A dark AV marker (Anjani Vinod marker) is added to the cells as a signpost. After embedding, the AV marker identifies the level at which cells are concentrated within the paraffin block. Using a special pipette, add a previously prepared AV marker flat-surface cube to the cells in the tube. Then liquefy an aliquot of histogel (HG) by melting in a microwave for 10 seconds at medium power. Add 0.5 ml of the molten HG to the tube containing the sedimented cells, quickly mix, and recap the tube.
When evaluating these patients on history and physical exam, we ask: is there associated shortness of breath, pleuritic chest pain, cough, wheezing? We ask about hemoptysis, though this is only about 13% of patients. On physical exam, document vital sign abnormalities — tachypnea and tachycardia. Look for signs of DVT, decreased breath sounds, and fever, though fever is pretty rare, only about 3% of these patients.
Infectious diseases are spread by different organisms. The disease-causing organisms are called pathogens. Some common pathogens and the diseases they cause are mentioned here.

* * *

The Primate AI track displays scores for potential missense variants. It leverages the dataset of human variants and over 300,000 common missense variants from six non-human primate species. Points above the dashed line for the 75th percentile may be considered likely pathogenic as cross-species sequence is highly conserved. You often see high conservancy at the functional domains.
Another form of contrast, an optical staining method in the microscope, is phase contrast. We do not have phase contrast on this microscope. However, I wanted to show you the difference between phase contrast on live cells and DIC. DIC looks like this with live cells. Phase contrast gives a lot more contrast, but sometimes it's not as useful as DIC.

* * *

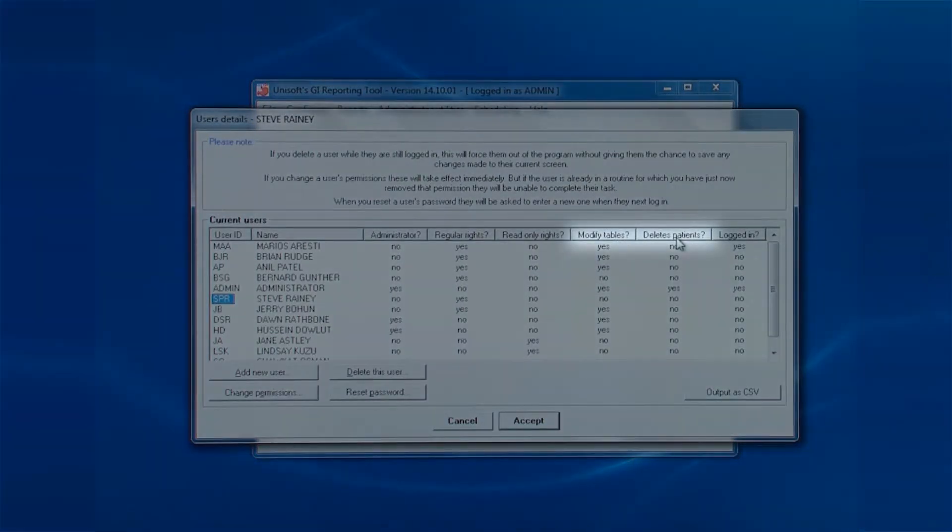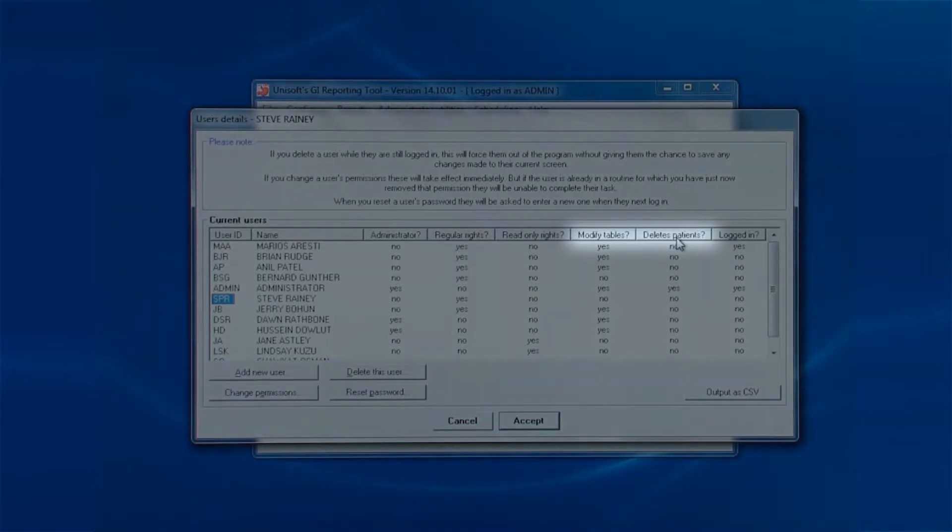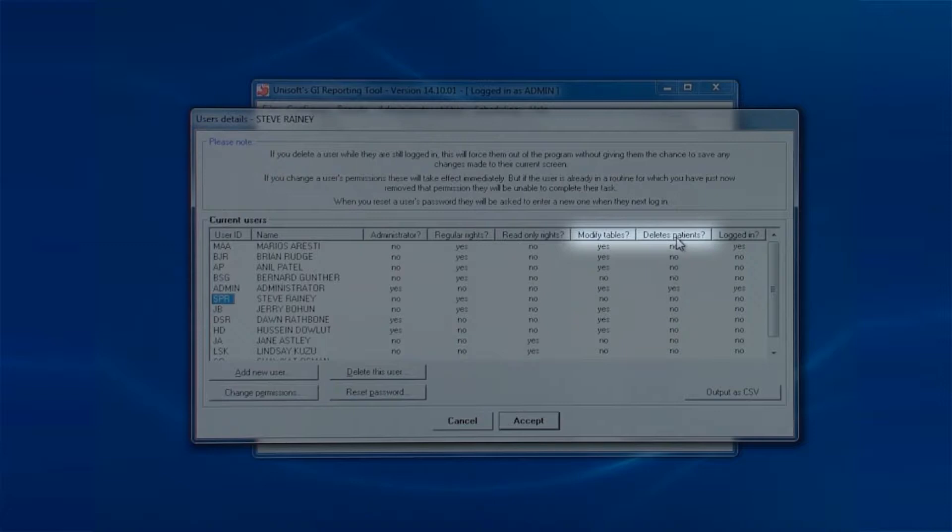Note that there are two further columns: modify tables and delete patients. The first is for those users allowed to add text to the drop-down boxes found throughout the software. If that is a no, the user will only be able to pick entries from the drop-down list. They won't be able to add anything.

● Exercise:
Return only the lines between the one holding "When evaluating these" and the one holding "Infectious diseases are", inclusive, exactly as they appear above.

● Solution to the exercise:
When evaluating these patients on history and physical exam, we ask: is there associated shortness of breath, pleuritic chest pain, cough, wheezing? We ask about hemoptysis, though this is only about 13% of patients. On physical exam, document vital sign abnormalities — tachypnea and tachycardia. Look for signs of DVT, decreased breath sounds, and fever, though fever is pretty rare, only about 3% of these patients.
Infectious diseases are spread by different organisms. The disease-causing organisms are called pathogens. Some common pathogens and the diseases they cause are mentioned here.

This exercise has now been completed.